Please reply using this URL only: http://bugs.wpkg.org/show_bug.cgi?id=32

------- Additional Comments From djf at assetsw.com  2006-09-03 07:10 -------
(In reply to comment #5)
> (In reply to comment #4)
> > - Workstation boots
> > - Workstation asks for DHCP info
> > - Workstation gets DHCP info
> > - Workstation asks Microsoft DNS for its logon server (proprietary)
> > - MS DNS reponds with the logon server assigned to the site the workstation's
> subnet belongs to (from AD sites and services)
> > - Workstation then uses that as the logon server
> I could make %LOGONSERVER% variable recognized only after a real user has logged
> on on a given machine (i.e., in a logon script).
> > This is just for clarity.  Windows workstations that are joined to a domain 
> > always know where their logon server is regardless of whether a user is logged
> > in or not. 
> If I remember correctly, %LOGONSERVER% is not recognized if one runs a command
> via a Task Scheduler, even when executed as a domain user (for example,
> DOMAIN\Administrator).
> Or, this was because I used Samba, which would be an equivalent to NT4 domain,
> which doesn't use DNS.

Correct.  The LOGONSERVER environment variable is assigned via the logon process only after a user logs into the workstation.  However, the workstation itself must know which DC it's using prior to any user attempting to log in to a domain.  For AD, the DC for the site a particular workstation is a member of provides all of the group and domain policies for that workstation.

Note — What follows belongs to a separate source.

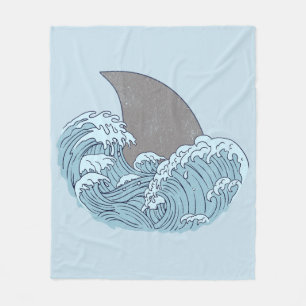 Shark illustration fleece blanket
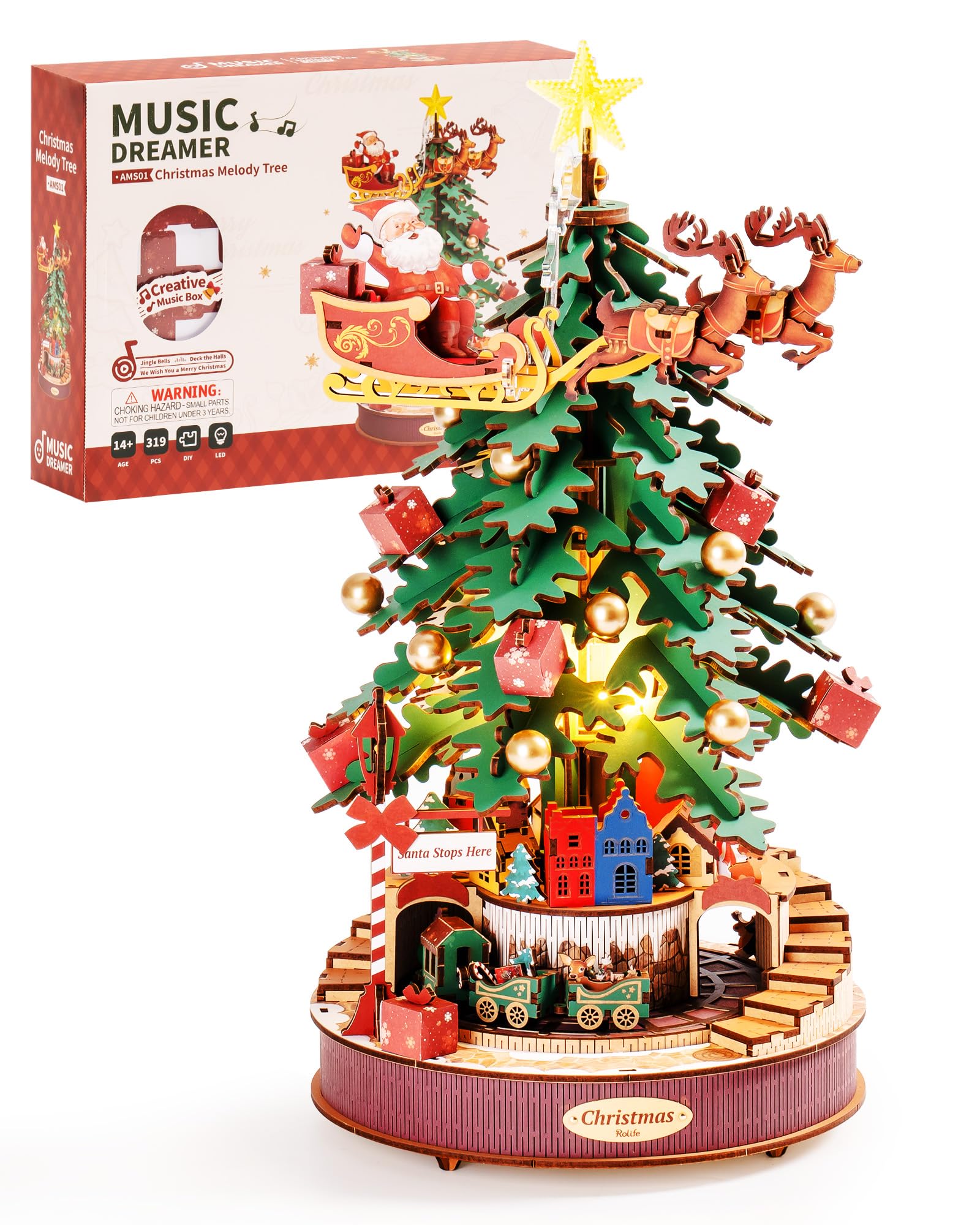 Rolife Santa figure and train add charming holiday storytelling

You can use WMI to get the current domain controller the workstation is using for authentication and system services.  Lookup the Win32_NTDomain class on MSDN.  There are some scripting examples that show how to pull stuff from WMI if you're not familiar with doing so.

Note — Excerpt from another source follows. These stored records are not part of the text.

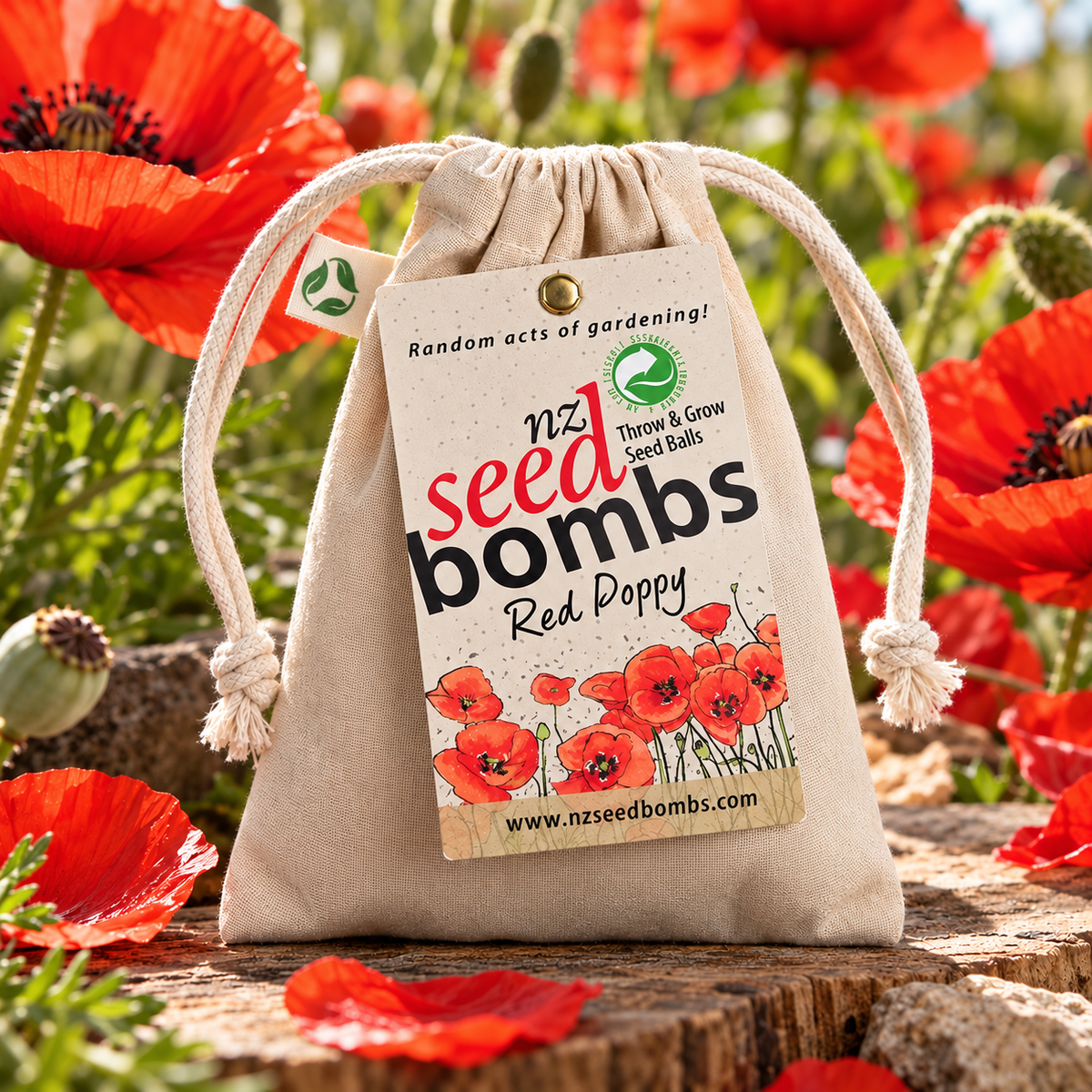 NZ Seed Bomb - Red Poppy - TORA Gardens 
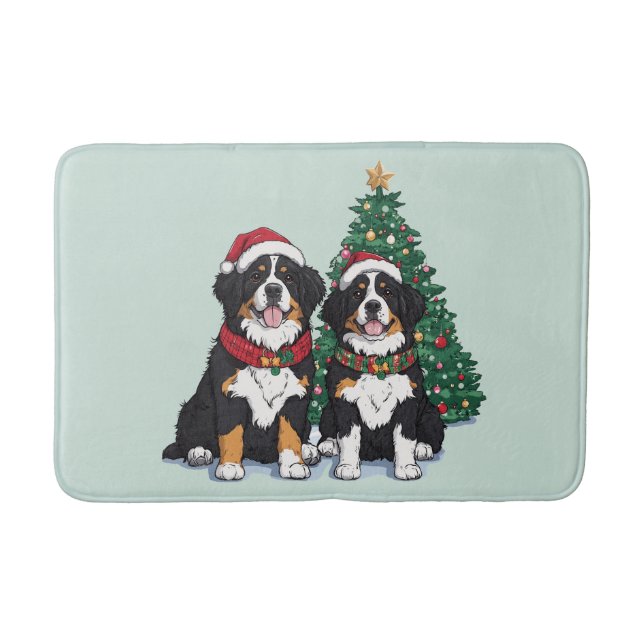 Tapete De Banheiro Christmas Bernese Mountain Dogs (Frente)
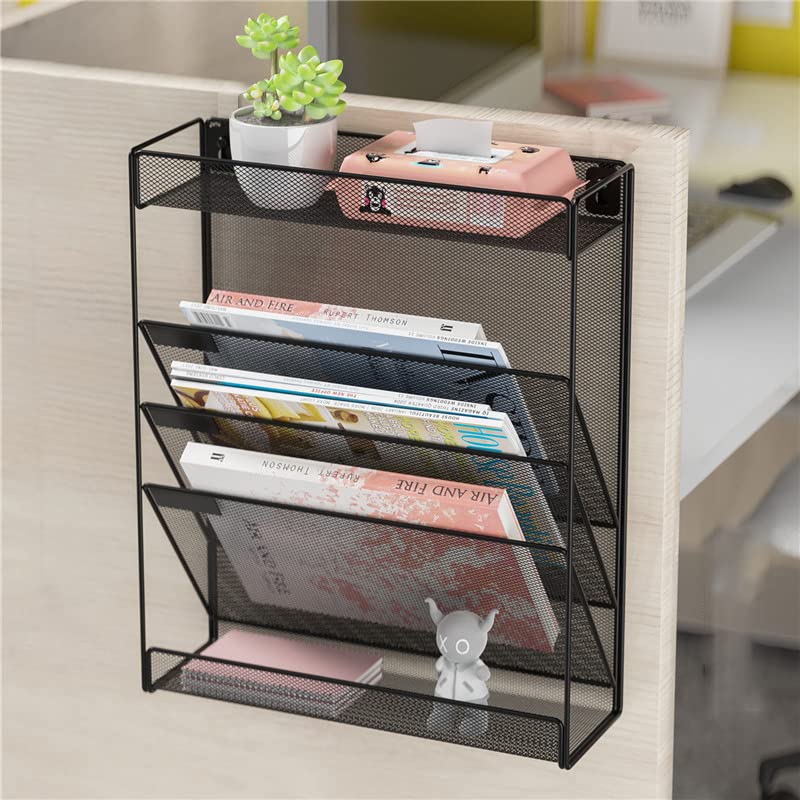 SUKHAD Mesh File Organizer 3 Tier File Rack & 2 Compartment Stationery Wall Mount Hanging File Organizer | 40.5 x 32.5 x 10.5 Cm|Metal| Black - Image 3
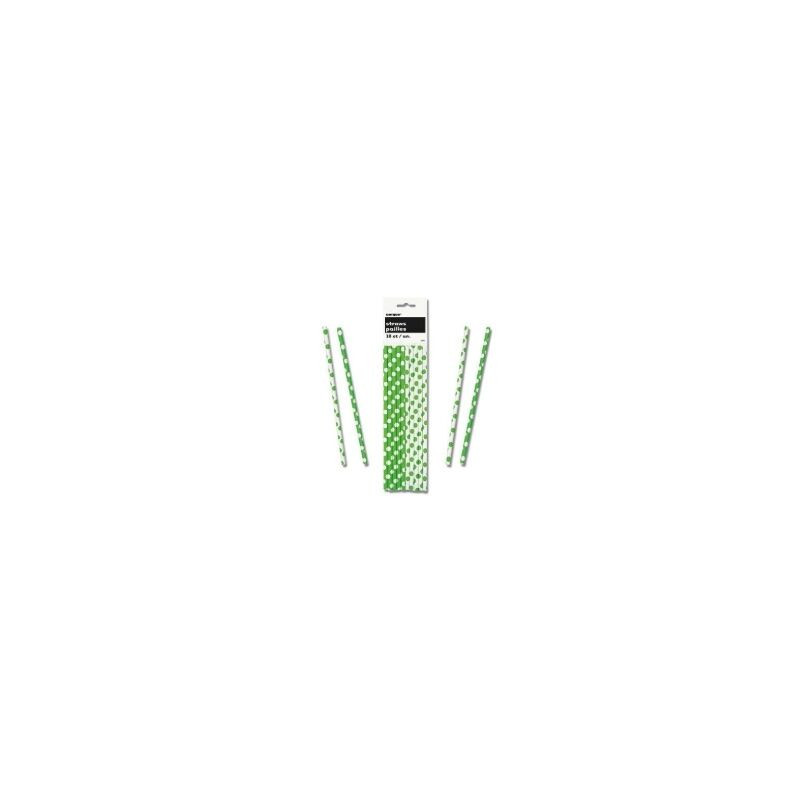 10 palhinhas bolas branco e verde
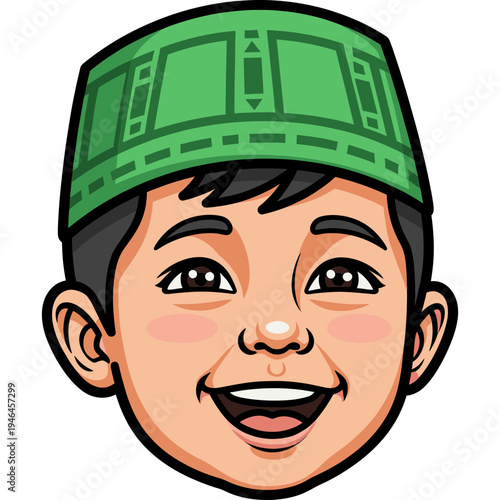 Smiling boy wearing traditional green hat and blush cheeks happily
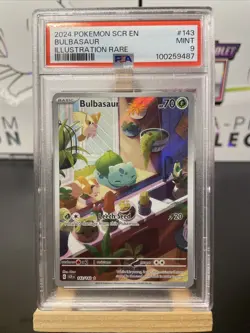 2024 POKEMON SCR EN-STELLAR CROWN ILLUSTRATION RARE #143 BULBASAUR PSA 9 - Image 1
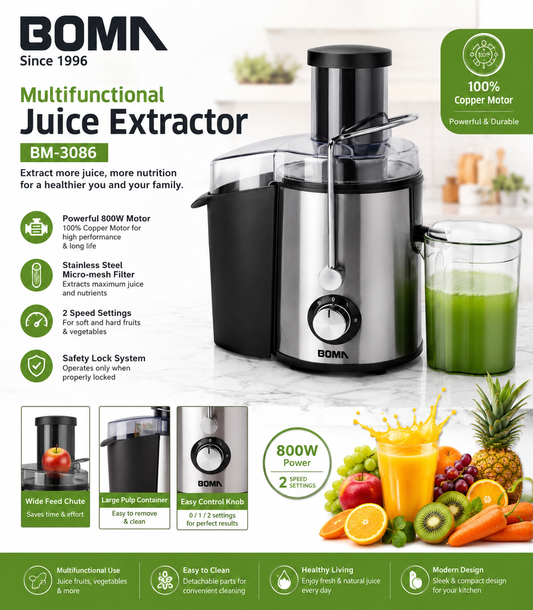 BOMA Multifunction Juice Extractor BM-3086 | Fruit & Vegetable Juicer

Remember, when you run a command via the task scheduler, if you don't provide a specific username, that task will run as the local SYSTEM account.  The SYSTEM account is localized to the box, and therefore won't provide the standard login services you'd get if you login interactively as a domain authenticated user.  Like I said above, if you are running a command as a user that's local to the box, you'll need to script against WMI in order to determine which domain controller the workstation is currently using.

Given that, however, this whole discussion is of little use for this particular feature enhancement.  The feature enhancement he's provided simply lets him have a standardized package.xml file that allows him to always run from the local O: drive, which is pretty important in order for WPKG to scale to larger than a couple sites, and specifically if the WAN links available are low bandwidth.  Seems like a pretty good change to me.

Oh, and on your Samba comment, none of this needs to be absolutely determined via the boot sequence I posted.  For Windows clients using a Samba domain, they simply use WINS to determine what the DC for the current workstation should be.